20. A speech producing apparatus as claimed in claim 13, wherein:
said input means comprises an optical bar code reader. |
|
|
|
|
Claims  |
|
|
Description  |
|
|
BACKGROUND OF THE INVENTION
The present invention falls in the category of improvements to low data
rate speech apparatuses and may be employed in electronic learning aids,
electronic games, computers and small appliances. The problem of low data
rate speech apparatuses is to provide electronically produced synthetic
speech of modest quality while retaining a low data rate. This low data
rate is required in order to reduce the amount of memory needed to store
the desired speech or in order to reduce the amount of information which
must be transmitted in order to specify the desired speech.
Previous solutions to the problem of providing acceptable quality low data
rate speech have employed the technique of storing or transmitting data
indicative of the string of phonological linguistic units corresponding to
the desired speech. The speech synthesis apparatus would include a memory
for storing speech synthesis parameters corresponding to each of these
phonological linguistic units. Upon reception of the string of
phonological linguistic units, either by recall from a phrase memory or by
data transmission, the speech synthesis apparatus would successively
recall the speech synthesis parameters corresponding to each phonological
linguistic unit indicated, generate the speech corresponding to that unit
and repeat. This technique has the advantage that the phonetic memory thus
employed need only include the speech parameters for each phonological
linguistic unit once, although such phonological linguistic unit may be
employed many times in production of a single phrase. The amount of data
required to specify one of these phonological linguistic units from among
the phonetic library is much less than that required to specify the speech
parameters for generation of that particular phonological linguistic unit.

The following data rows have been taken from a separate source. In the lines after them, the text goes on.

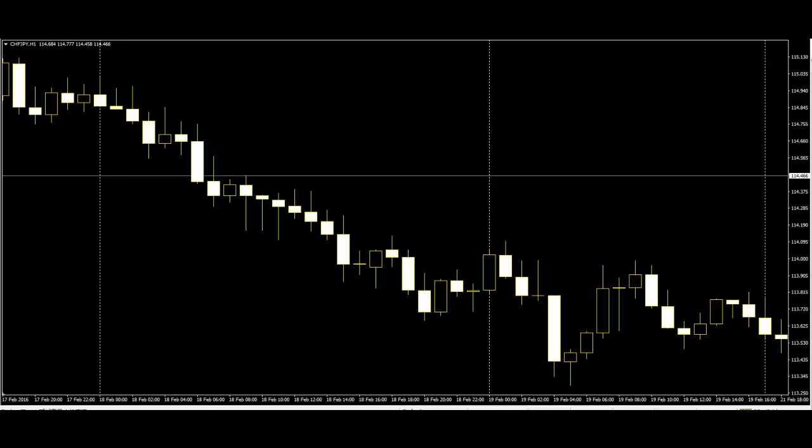These are the basics of trading for an investor, and candlestick charts give you an easy and precise idea for all these. Thank you.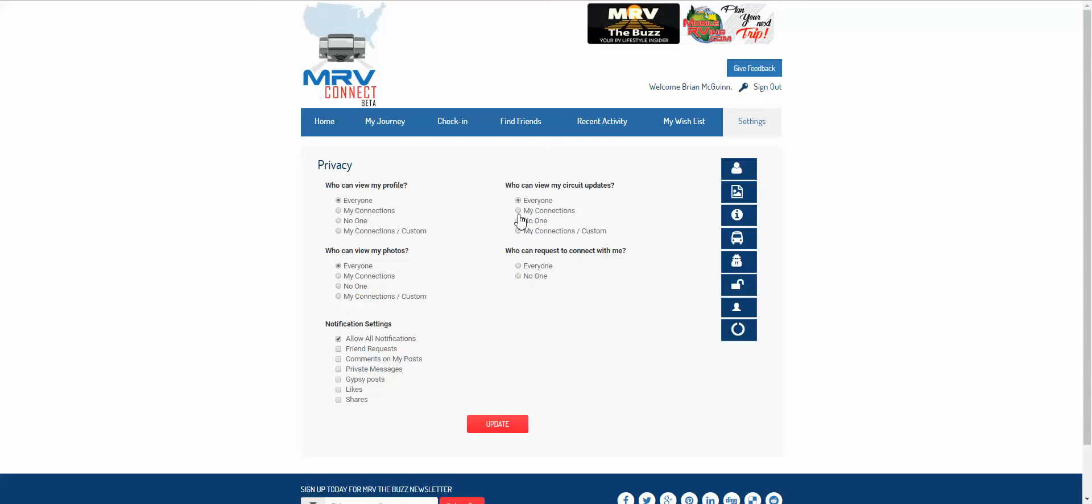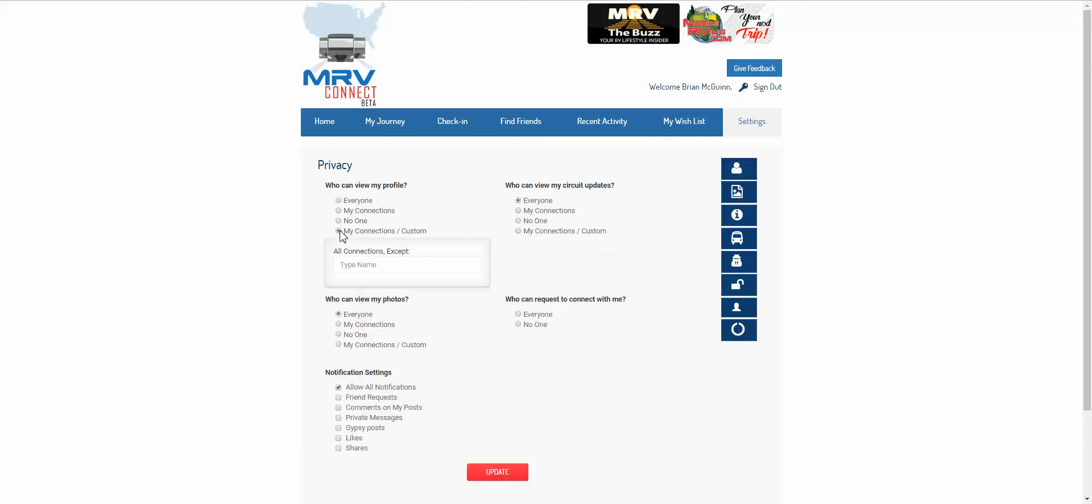As far as the circuit updates, profile, and photos tabs go, you can have everyone be able to view your profile, only your connections, no one, or you can even customize who can view your profile.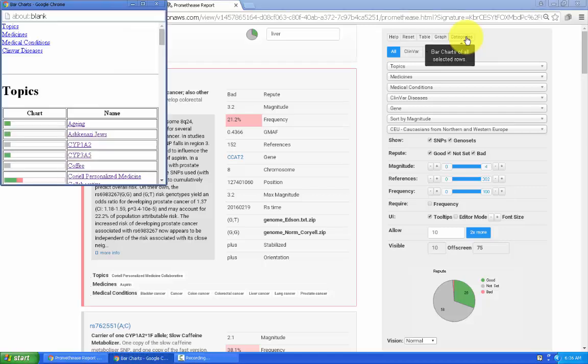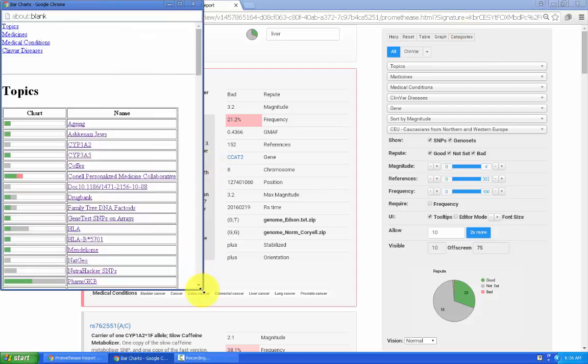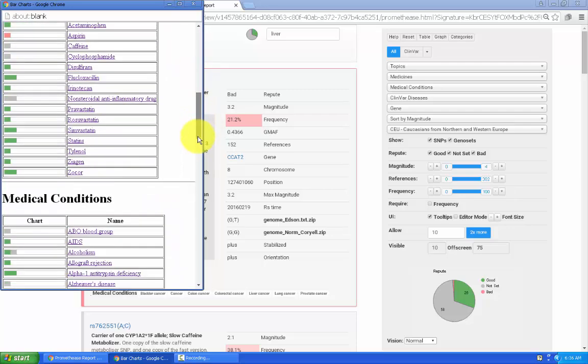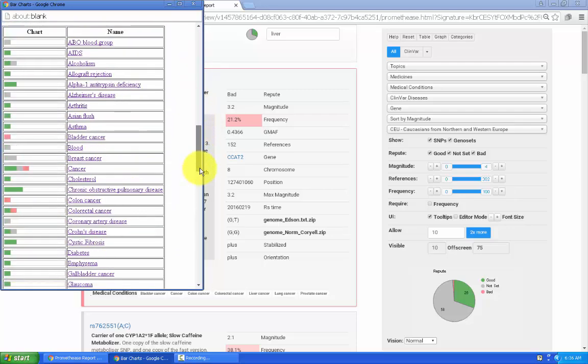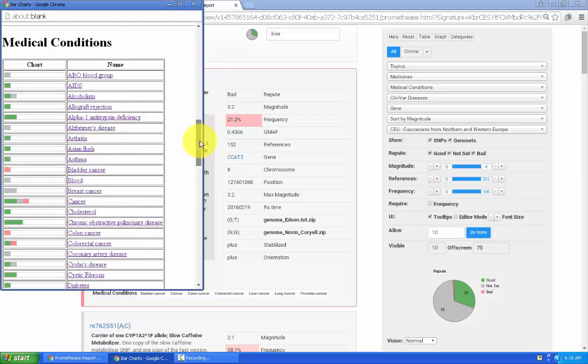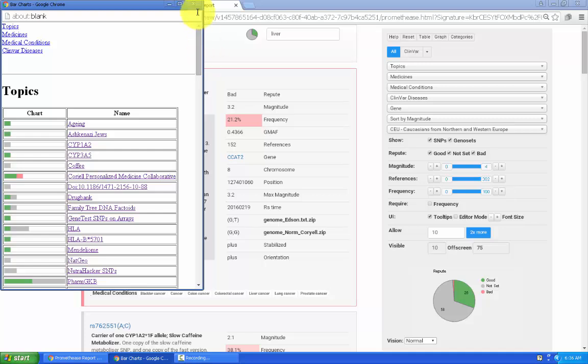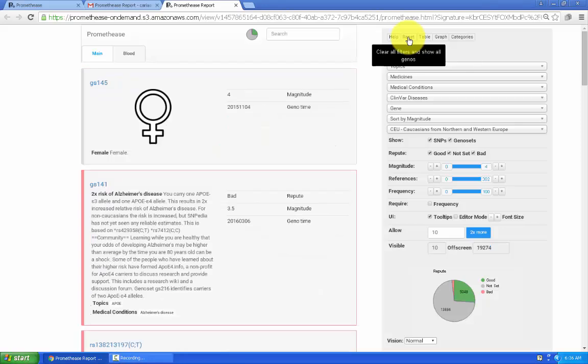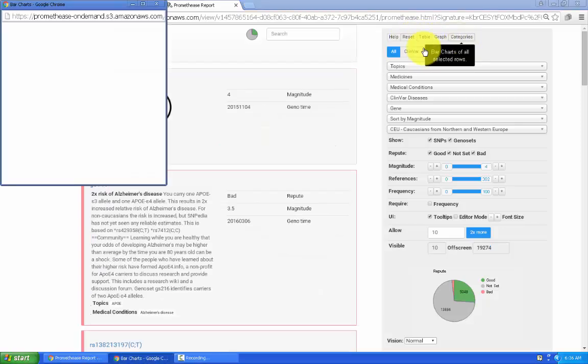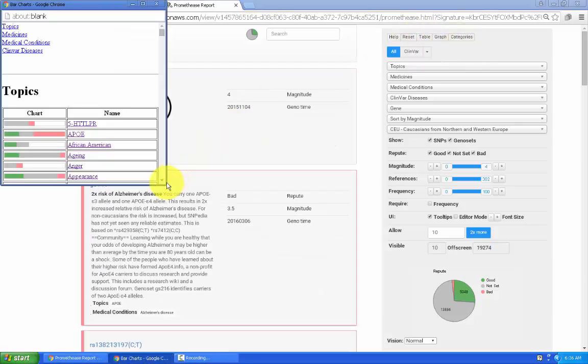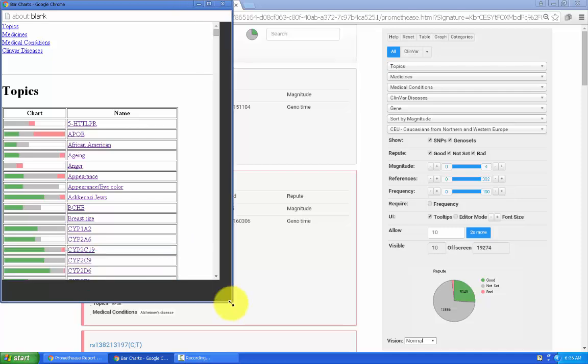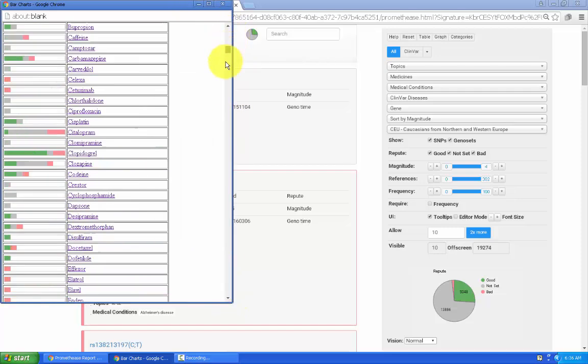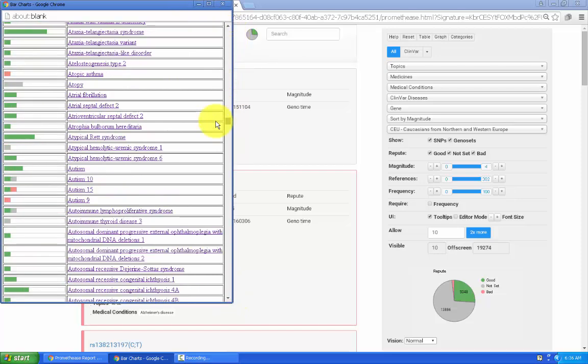Clicking on categories gives us a list of some of the different categories of information as they can be grouped. Clicking on reset gets rid of all the filters. Previously, we had the word liver selected and it was a smaller list. Now, after having hit reset, you can see a much larger list.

Therefore, whether the phrase specifying data is stored in an additional
memory or transmitted to the apparatus, an advantageous reduction in the
data rate is thus achieved.
This technique has a problem in that the naturalness and intelligibility of
the speech thus produced is of a low quality. By recall of speech
synthesis parameters corresponding to individual phonological linguistic
units occurring in the phrase to be spoken rather than storing the speech
synthesis parameters corresponding directly to that phrase, the natural
intonation contour of the speech is destroyed. This has the disadvantage
of reducing the naturalness and intelligibility of the speech. The
naturalness and intelligibility and hence the quality of the speech thus
produced may be increased by storing or transmitting an indication of the
original, natural intonation contour for intonation control upon
synthesis. Storage or transmission of an indication of the natural
intonation contour increases the data rate required for specification of a
particular phrase or word. Thus, it is highly advantageous to provide a
manner of specifying the natural intonation contour at a low bit rate. By
combining the technique of specifying phonological linguistic units
together with a coded form of the natural intonation contour, a low data
rate speech system may be achieved having the required speech quality.
SUMMARY OF THE INVENTION
The object of the present invention is to provide an improvement in the
quality of low data rate speech by providing an indication of the original
spoken duration. In the present invention a low data rate is achieved by
encoding spoken input as a series of phonological linguistic units such as
phonemes, allophones or diphones and transmitting indicia corresponding to
these phonological linguistic units. Ordinarily such a technique destroys
the original duration contour of the spoken input. Some of this original
spoken duration contour is recovered by the use of syllable duration
patterns which represent an approximation of the original duration
contour.
In accordance with the principles of the present invention, the spoken
input is analyzed to determine the phonological linguistic units and the
syllables which it includes. In addition the relation of the duration of
individual phonological linguistic units to a standard length for each
type is also determined. This measure of the relative length of the
phonological linguistic units, allophones in the preferred embodiment, is
matched against a set of duration patterns for syllables. Once the best
match is found then an indication of the syllable duration pattern is
transmitted together with allophone indicia. The synthesis apparatus then
combines this data in order to produce speech. The syllable duration
patterns enable the synthesis apparatus to provide an approximation of the
duration contour of the original spoken input without sacrificing a low
data rate. This is achieved because it requires much less data to identify
syllable duration patterns than to transmit the actual duration contour.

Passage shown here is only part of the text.